• Official comment
Joel Stewart

Hello Fritz, you're absolutely right, the documentation as it is published is insufficient in describing the expected behavior of this function. The title of Jaccard is a bit misleading to the behavior since Jaccard is about comparing two sets of data to each other and this function is only referencing a single set.

The current behavior is that the function performs an order specific segmentation of the input data into two equally sized subsets and then computes the Jaccard Index between these subsets. You're correct that the order of the inputs affects the results because it affects the membership of the subsets. I hope this clarifies the observations you have today.

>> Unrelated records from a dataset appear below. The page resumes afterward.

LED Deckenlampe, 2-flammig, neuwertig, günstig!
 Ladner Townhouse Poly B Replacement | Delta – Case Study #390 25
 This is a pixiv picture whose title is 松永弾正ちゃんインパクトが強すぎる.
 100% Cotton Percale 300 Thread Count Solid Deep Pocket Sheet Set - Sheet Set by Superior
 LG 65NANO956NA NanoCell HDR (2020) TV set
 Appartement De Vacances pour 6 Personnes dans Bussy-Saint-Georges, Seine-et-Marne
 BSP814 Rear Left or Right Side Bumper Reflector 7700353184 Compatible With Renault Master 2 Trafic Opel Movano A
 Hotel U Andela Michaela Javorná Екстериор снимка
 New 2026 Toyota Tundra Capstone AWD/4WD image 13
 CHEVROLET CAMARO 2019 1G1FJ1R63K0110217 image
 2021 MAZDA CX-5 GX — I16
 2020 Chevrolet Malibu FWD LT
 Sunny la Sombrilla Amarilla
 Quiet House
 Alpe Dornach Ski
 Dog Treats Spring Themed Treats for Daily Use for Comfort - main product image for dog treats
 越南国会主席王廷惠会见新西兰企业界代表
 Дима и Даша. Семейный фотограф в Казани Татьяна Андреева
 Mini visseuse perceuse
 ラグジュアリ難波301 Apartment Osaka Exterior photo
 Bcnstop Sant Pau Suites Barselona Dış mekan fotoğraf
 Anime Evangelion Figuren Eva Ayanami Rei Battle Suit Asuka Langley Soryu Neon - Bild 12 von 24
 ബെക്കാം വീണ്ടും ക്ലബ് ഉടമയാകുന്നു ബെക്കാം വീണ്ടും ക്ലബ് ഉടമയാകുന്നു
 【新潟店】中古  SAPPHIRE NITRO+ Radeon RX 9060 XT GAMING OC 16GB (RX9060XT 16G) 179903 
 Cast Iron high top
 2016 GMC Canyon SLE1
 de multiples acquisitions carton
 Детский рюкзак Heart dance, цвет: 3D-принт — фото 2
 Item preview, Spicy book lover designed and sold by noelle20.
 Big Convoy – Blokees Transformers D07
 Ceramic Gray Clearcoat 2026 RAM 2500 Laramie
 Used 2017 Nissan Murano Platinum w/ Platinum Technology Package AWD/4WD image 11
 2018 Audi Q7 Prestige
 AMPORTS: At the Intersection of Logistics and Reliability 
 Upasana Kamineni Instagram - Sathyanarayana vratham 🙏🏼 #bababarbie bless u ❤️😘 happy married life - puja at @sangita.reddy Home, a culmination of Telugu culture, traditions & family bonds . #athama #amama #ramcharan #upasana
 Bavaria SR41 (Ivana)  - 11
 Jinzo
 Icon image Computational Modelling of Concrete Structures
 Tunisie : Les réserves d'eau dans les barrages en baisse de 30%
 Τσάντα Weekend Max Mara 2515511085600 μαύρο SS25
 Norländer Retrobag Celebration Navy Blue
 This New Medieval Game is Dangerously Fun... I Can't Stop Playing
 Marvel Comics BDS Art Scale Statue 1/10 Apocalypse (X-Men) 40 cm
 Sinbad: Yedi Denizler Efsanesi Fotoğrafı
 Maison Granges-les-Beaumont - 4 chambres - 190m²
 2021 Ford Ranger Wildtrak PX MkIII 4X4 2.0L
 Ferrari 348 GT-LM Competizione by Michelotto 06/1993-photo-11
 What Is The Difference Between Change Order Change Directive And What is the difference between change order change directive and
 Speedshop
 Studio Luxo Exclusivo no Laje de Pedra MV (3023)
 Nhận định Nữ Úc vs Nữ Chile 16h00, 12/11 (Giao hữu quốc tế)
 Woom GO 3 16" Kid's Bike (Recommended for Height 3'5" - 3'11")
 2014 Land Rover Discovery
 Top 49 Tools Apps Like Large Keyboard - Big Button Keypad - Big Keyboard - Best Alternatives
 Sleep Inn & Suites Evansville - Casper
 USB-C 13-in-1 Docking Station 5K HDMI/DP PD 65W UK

Ultimately, if you're looking to implement the Jaccard distance between two definitive sets I recommend using the SDK to create a function that does this precisely the way you'd like.

• Fritz Schinkel

Hi Joel, thanks for the explanation. Do you have any hint, which positions belong to the which set and how to guarantee the order. I just tried a,b,c,d,a,b,c,e and was surprised to get 0 since there are 2 unique elements, so cardinality of intersections should be less than cardinality of the union.

• Joel Stewart

I don't know currently, I'll try to find out though. I'll get send another update tomorrow.

• Joel Stewart

Hi Fritz, after some research and consultation with colleagues I am able to confirm that the current distribution of the sets is simply alternating order. Note that the order that is displayed with the preview data is not guaranteed to be the same order that is executed when the data set is run on the cluster. The distribution of the data and the timeliness for when earlier steps are completed in a distributed manner will affect the order of the input records for this step. The order could only be guaranteed by using a GROUP_SORT_ type function instead of a GROUPBY.

For confirmation with your example of records a,b,c,d,a,b,c,e the two sets would be {a,c,a,c} and {b,d,b,e}. These two sets do in fact have a 0 Jaccard Index because the intersection of these sets is the empty set.

• Fritz Schinkel

Hi Joel, thanks for your further Explanation, at least I understand the implementation now. But I see no way to use it. GROUP_JACCARD_DIST is a Group aggregate function requiring a GROUP_BY and adding a serial function like GROUP_SORT_ASC gives the expected error.

The function seems to distinuish identically named element, when they are on different positions e.g. a,a,b,b,c,c,c,d does not mean {a,b,c,c}={a,b,c} and {a,b,c,d} but something like {a1,b2,c3,c4} and {a1,b2,c3,d4}. But a,a,b,b,c,d,d,c behalves like {a,b,c,d} and {a,b,d,c}={a,b,c,d}. The implementation does not recognize the values as elements of a set consequently (case1).

The result is indeed sometimes and with the right interpretation of sets the Jaccard index, and not the Jaccard-distance as the function name and the documentation tells and which is 1-Jaccard-index.

Do you know of any practical usage of this implementation. In my view nobody can use it and it can't be repaired. So Datameer could fix it with a usable design.

• Joel Stewart

With this implementation, I cannot recommend any practical usage of it. Based on this, I'm coordinating with our Product team to replace this function in a future release with one that would take two set inputs and compute the Jaccard Index. I am recommending that the GROUP_JACCARD_DIST be deprecated and removed with the current implementation.